Inutile dire che le cose sono cambiate. L’agricoltura, dicono gli esperti, è un settore anticiclico, che cresce quando gli altri vanno in recessione. In Italia, confermano le statistiche di Alma Laurea, nel 2014 l’ambito di studi agrari nel suo complesso è stato quello cresciuto di piú, mettendo a segno un +72% sull’anno precedente, contro il -21% di Economia (chi l’avrebbe mai detto, negli anni della new economy?) e dell’evergreen Giurisprudenza (-22%). A Bologna l’anno accademico 2014-2015 verrà ricordato come il primo in cui, per accedere a uno dei corsi dell’ex Facoltà di Agraria, oggi divisa in due dipartimenti, gli studenti sono dovuti passare da un test d’ingresso. E si badi bene: la parte del leone non l’ha fatta Tecnologie alimentari, ma il tradizionalissimo corso di Tecnologie agrarie. Nulla di troppo strano per Alberto Vicari, direttore del dipartimento di Scienze agrarie, che riconosce tra le cause «il fatto che sempre piú spesso, sui giornali e in tv, si parli di cibo», ma poi chiama in causa Andrea Segrè, preside della facoltà di Agraria dal 2005 (e fino a che la riforma dell’università non l’ha abolita, lasciando spazio alla scuola di Agraria e Veterinaria). «L’incremento degli studenti, – dice Vicari, – nasce dal lavoro di sviluppo e promozione fatto dalla nostra Facoltà in quegli anni. All’epoca gli studenti dei due dipartimenti non superavano i trecento. Oggi sono piú di un migliaio, e noi ci ritroviamo a dover programmare un test d’ingresso. Un’eventualità che pochi anni fa sarebbe sembrata fantascientifica».

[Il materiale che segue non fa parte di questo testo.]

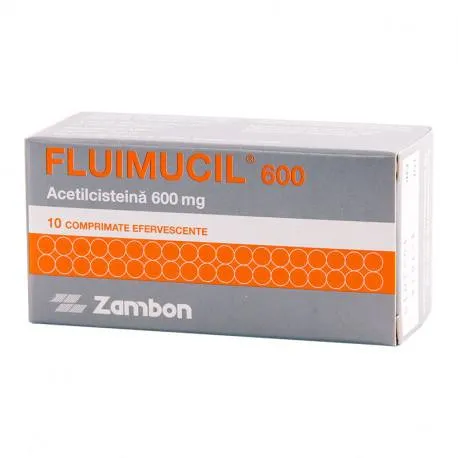 Fluimucil 600 mg, 10 comprimate efervescente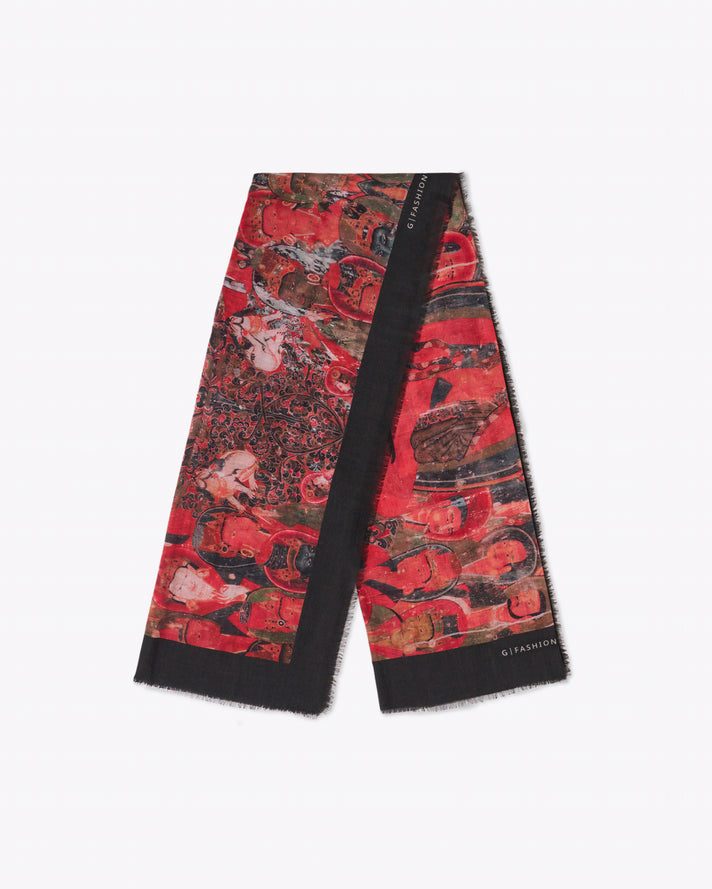 Red Buddha face cashmere scarf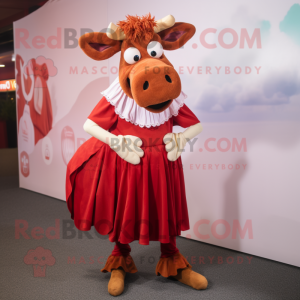Red Guernsey Cow mascot costume character dressed with a Pleated Skirt and Anklets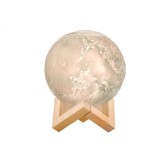 Lampa de veghe cu umidificator, Luna Moon 3D, Aromaterapie, 880ml, lumina 3 culori + stand lemn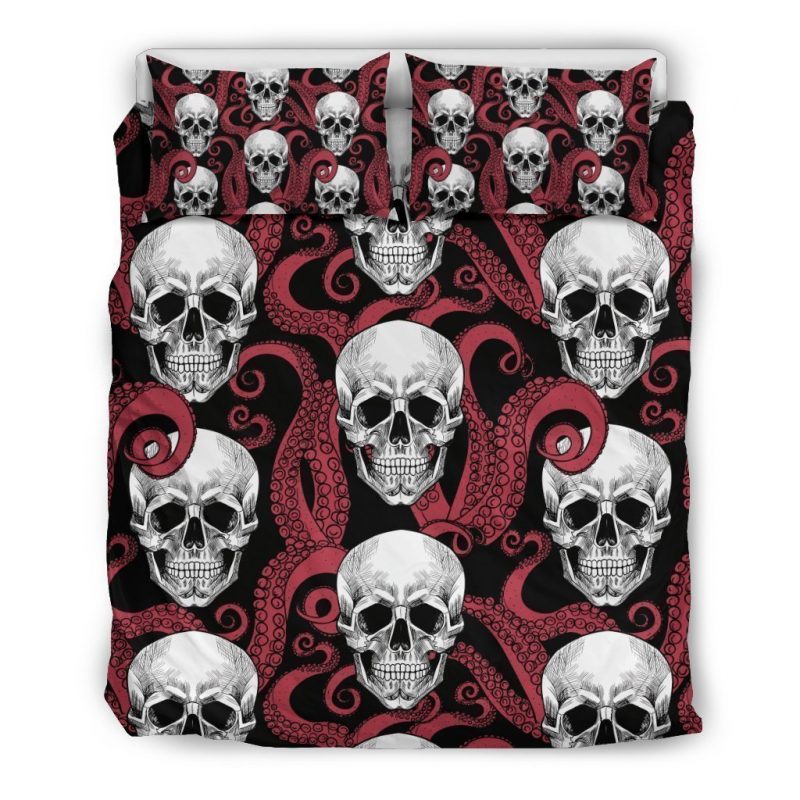 Red Octopus Skull Pattern Print Duvet Cover and Pillowcase Set Bedding Set Red Octopus Skull Pattern Print Duvet Cover and Pillowcase Set Bedding Set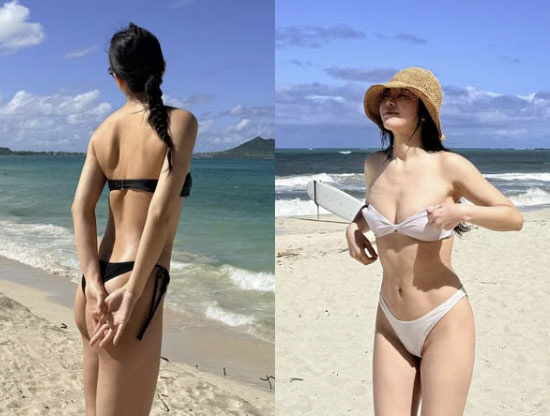 "안 입은 줄" 솔라, 파격 비키니에 드러난 탄력 몸매…'베이글녀'의 정석
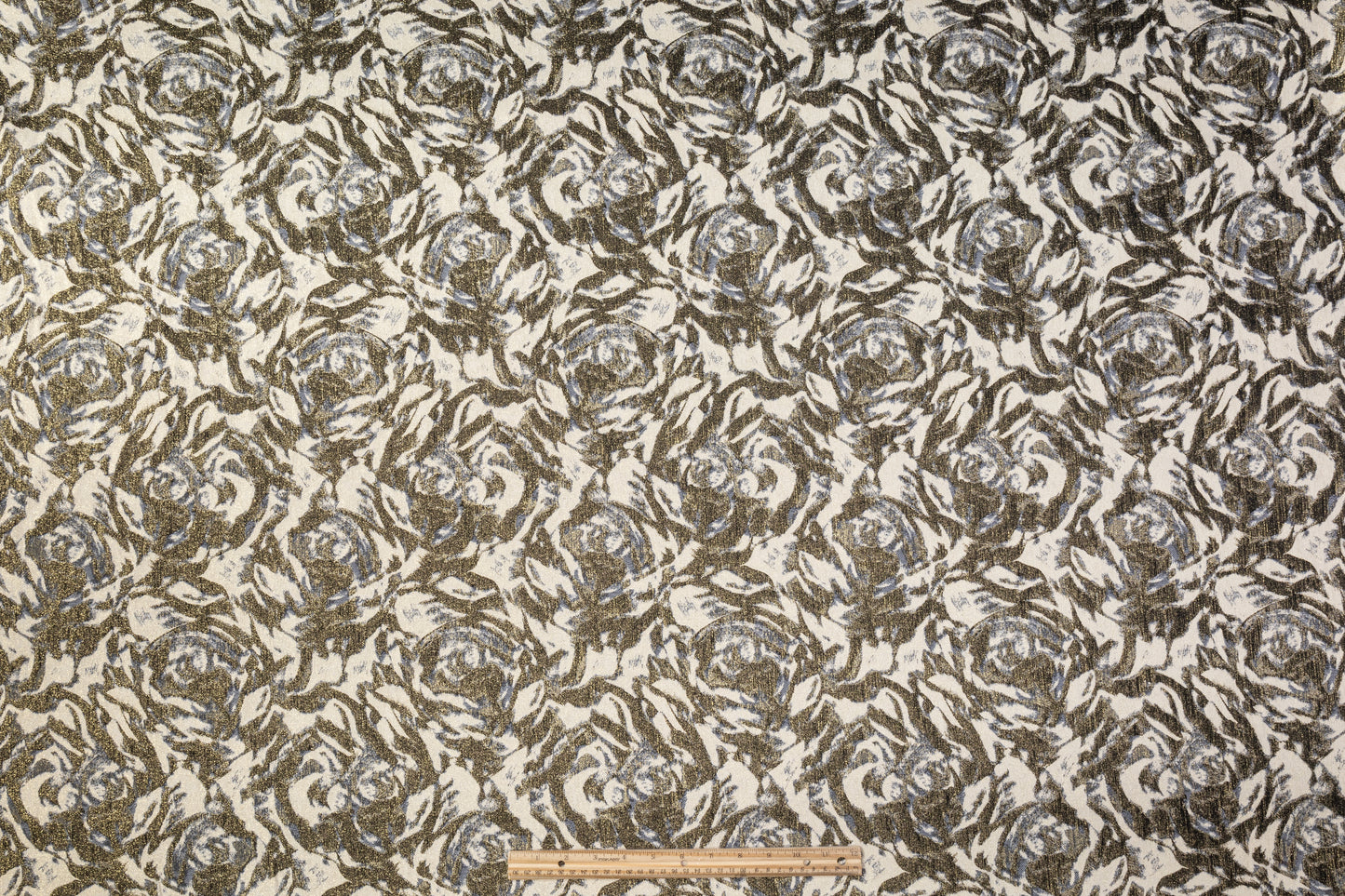 Abstract Metallic Italian Stretch Brocade - Antique Gold / Beige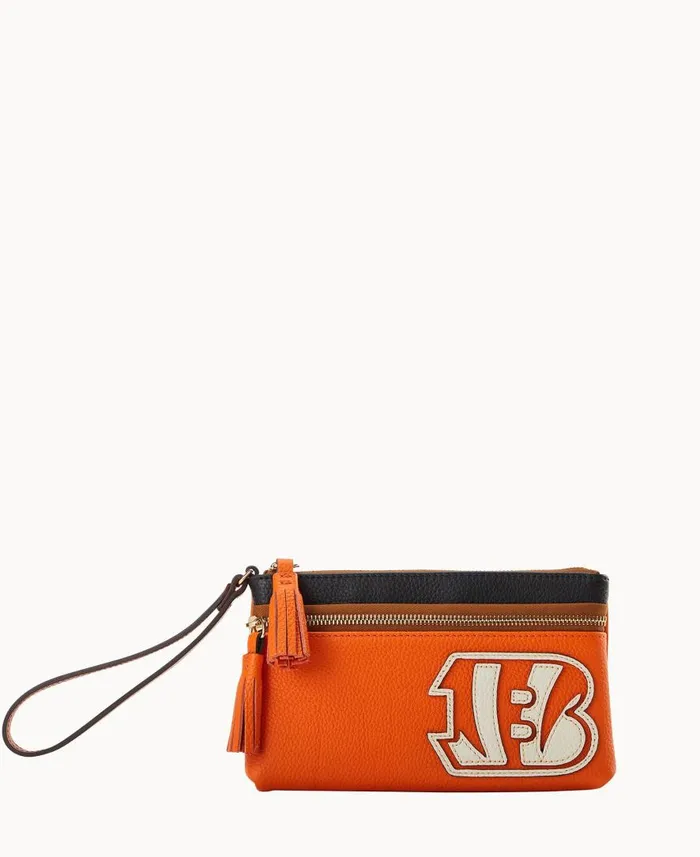 ManWoman NFL Bengals Double Zip Wristlet Bengals Dooney and Bourke Wallets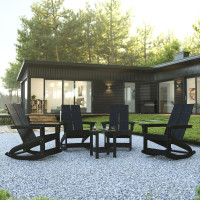 Flash Furniture JJ-C14709-4-T14001-BK-GG Set of 4 Black Finn Modern All-Weather 2-Slat Poly Resin Rocking Adirondack Chairs with Matching Side Table
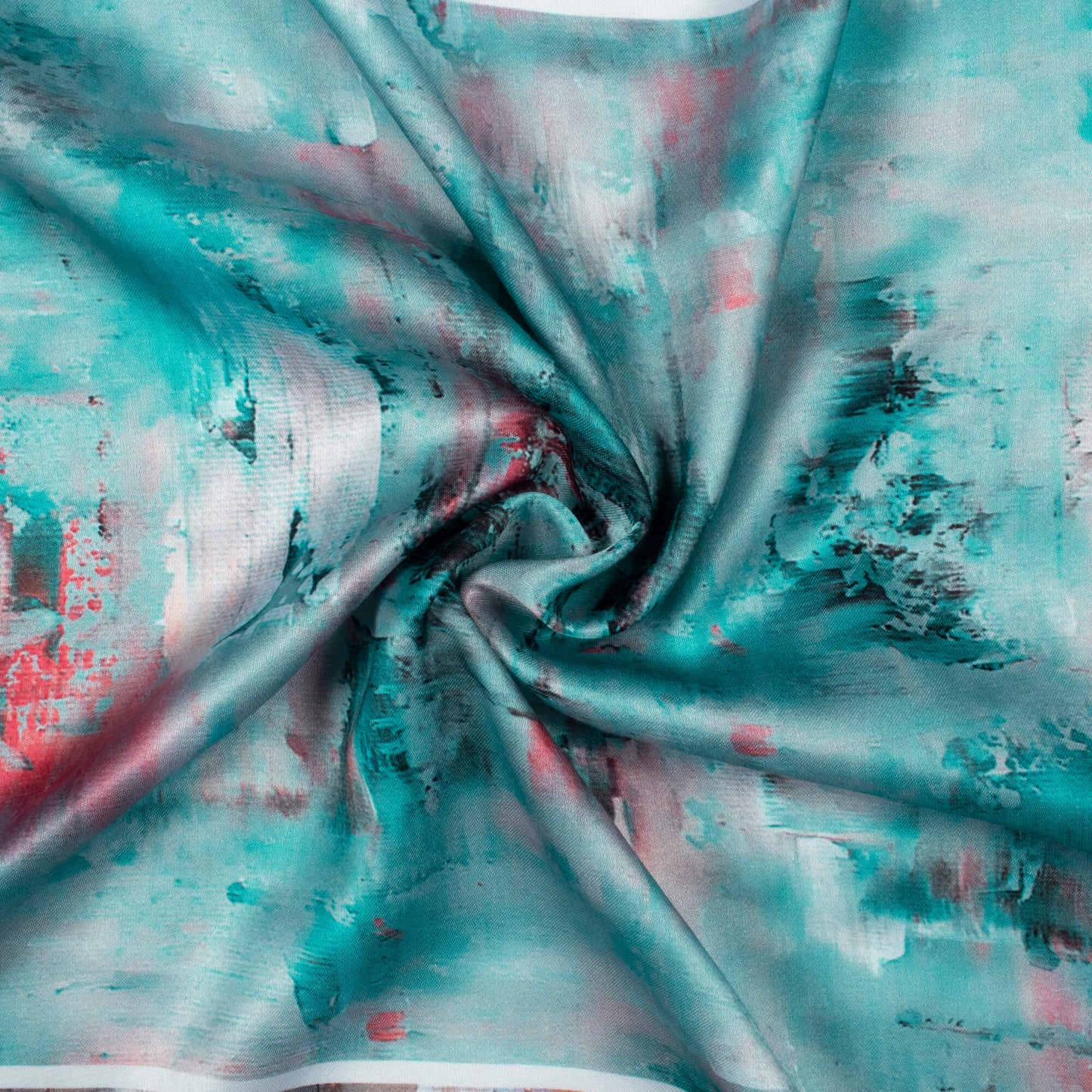 Turquoise And Red Abstract Pattern Digital Print Premium Lush Satin Fabric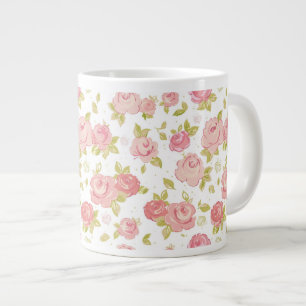 Tasse Géante Motif de papier peint d'élégance des roses roses 3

Ma chi studia Agraria oggi, si diceva? Giovani appassionati di produzioni alimentari, ma anche adulti folgorati sulla via di Damasco in seguito a un radicale cambio di abitudini alimentari, oppure obbligati dalla crisi a rivedere certe priorità professionali. Quelli appena passati, diciamolo con chiarezza, sono stati anni in cui il vecchio pezzo di terra dello zio o la masseria del nonno, abbandonata da tempo, per molti hanno acquisito improvvisamente piú valore del master in finanza appena frequentato. Ma dove e in che modo si studia l’agricoltura? Per capirlo a Bologna, dove ha sede il piú antico ateneo del mondo, occorre prendere l’auto e lasciare la zona universitaria, fino a viale Fanin, in un’area frequentata oggi principalmente per la presenza di un centro commerciale. Siamo ai confini della città, dove gli ultimi palazzi lambiscono i campi di Granarolo, noti ai piú per il colosso del latte che ne porta il nome. Qui sorge l’ex facoltà di Agraria, oggi rappresentata da due dipartimenti. Uno di questi è diretto da Andrea Segrè, che vi insegna Politica agraria internazionale e comparata. Un’ottima location, si dirà, per chi studia la terra. Ma non è sempre stato cosí. Nel 1999, quando l’allora rettore dell’università, Fabio Roversi-Monaco, investí da queste parti per restituire la facoltà di Agraria ai campi e al verde, infatti, le proteste di docenti e studenti non si placarono per mesi. Lontanissimi dal centro cittadino, lontanissima la sede storica in via Filippo Re, dove la facoltà di Agraria ha avuto la sua sede a partire dal 1928, giusto a ridosso della pulsante via Zamboni, cuore della zona universitaria.
Dalle nuove aule di viale Fanin, invece, lo sguardo dà sui campi o, se si è piú fortunati, su Decathlon e il parco commerciale Meraville. Per arrivarci c’è da fare uno stradone a quattro corsie dove le auto corrono veloci. Un solo autobus urbano arriva fin qui, il 35, ma passa ogni mezz’ora e arriva al capolinea di Agraria dopo un giro tortuoso lungo la città. Per contrappasso, il giardino della vecchia facoltà, quella in pieno centro, da qualche estate è diventato il centro del mondo giovanile per via di un seguitissimo festival musicale estivo, chiamato Botanique per ricordarne gli antichi legami con le sue origini agrarie. In viale Fanin, a parziale soddisfazione delle coscienze, nessun mattone è stato posato per creare la nuova facoltà. Il palazzo in questione, infatti, c’era già. È una complessa struttura fatta di vetro, legno e mattoni rossi. Un palazzo che si sviluppa su tre lati, con davanti uno spazio verde e alle sue spalle il Caab, quel mercato ortofrutticolo che oggi è oggetto di un imponente progetto proprio su idea di Andrea Segrè, che ne è presidente.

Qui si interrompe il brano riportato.